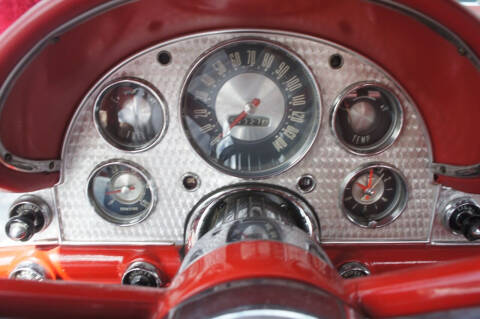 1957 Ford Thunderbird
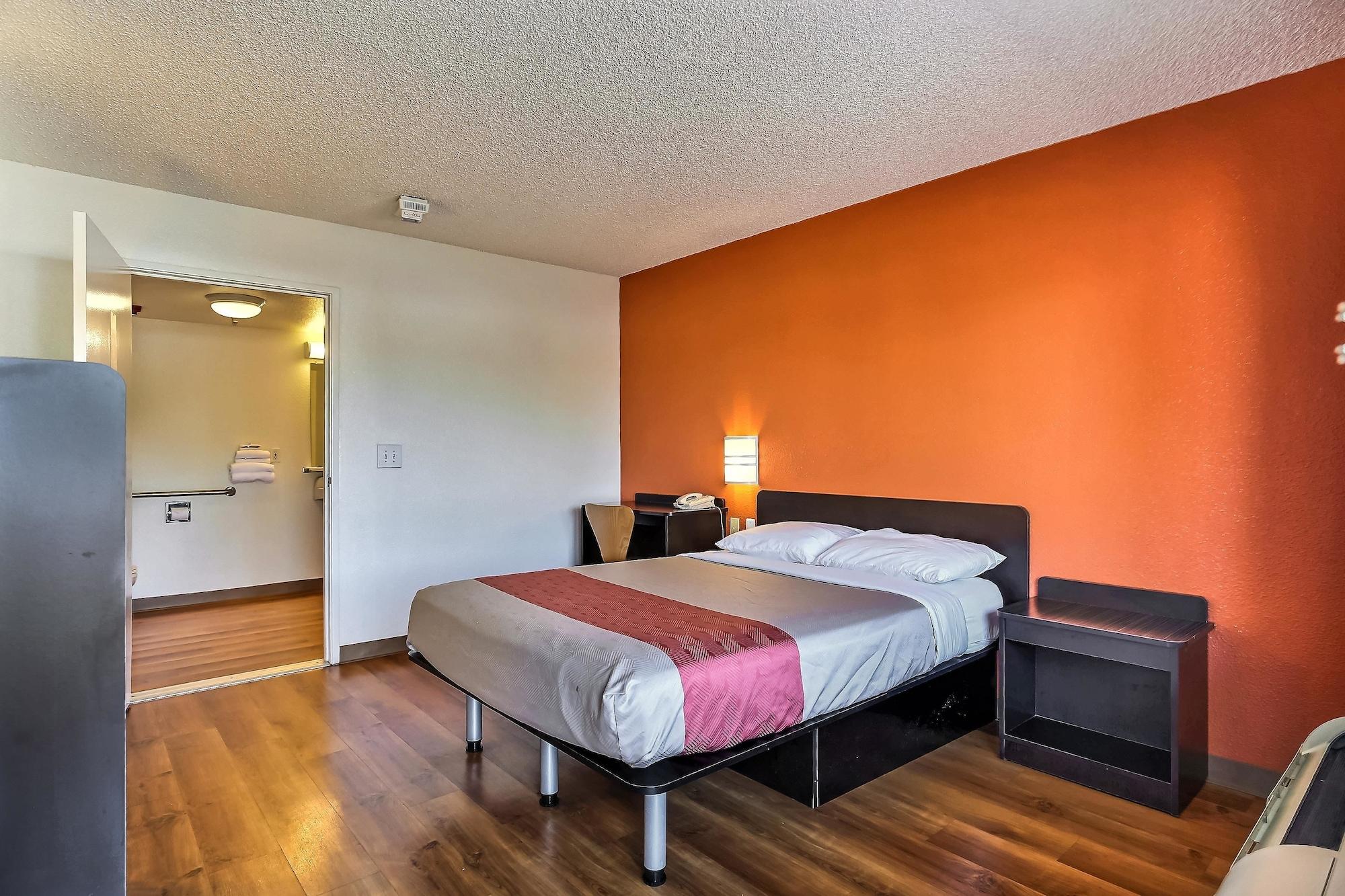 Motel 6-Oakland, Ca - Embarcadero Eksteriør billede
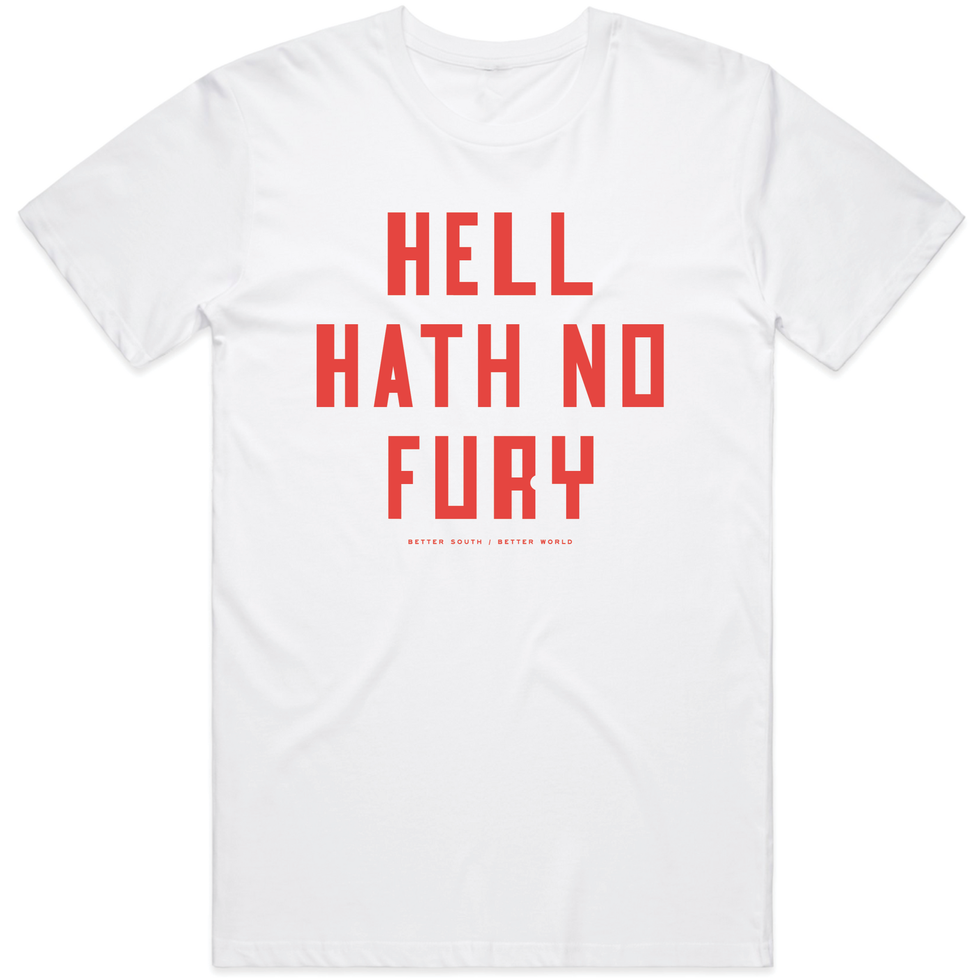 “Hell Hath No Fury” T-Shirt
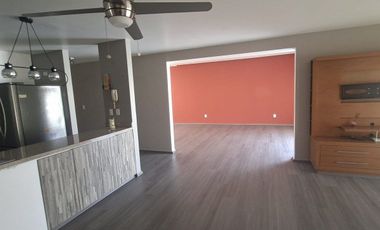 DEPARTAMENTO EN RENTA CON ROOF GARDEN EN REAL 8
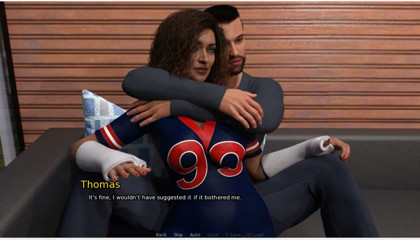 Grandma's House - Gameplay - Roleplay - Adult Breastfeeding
----------------
WHAT THE EXERCISE ASKS — Copy exactly, please, the lines that run from the line holding "Motel 6-Oakland, Ca" through the closing line of the material above, omitting every picture.

EXERCISE RESULT —
 Motel 6-Oakland, Ca - Embarcadero Eksteriør billede
 “Hell Hath No Fury” T-Shirt
 DEPARTAMENTO EN RENTA CON ROOF GARDEN EN REAL 8
 Grandma's House - Gameplay - Roleplay - Adult Breastfeeding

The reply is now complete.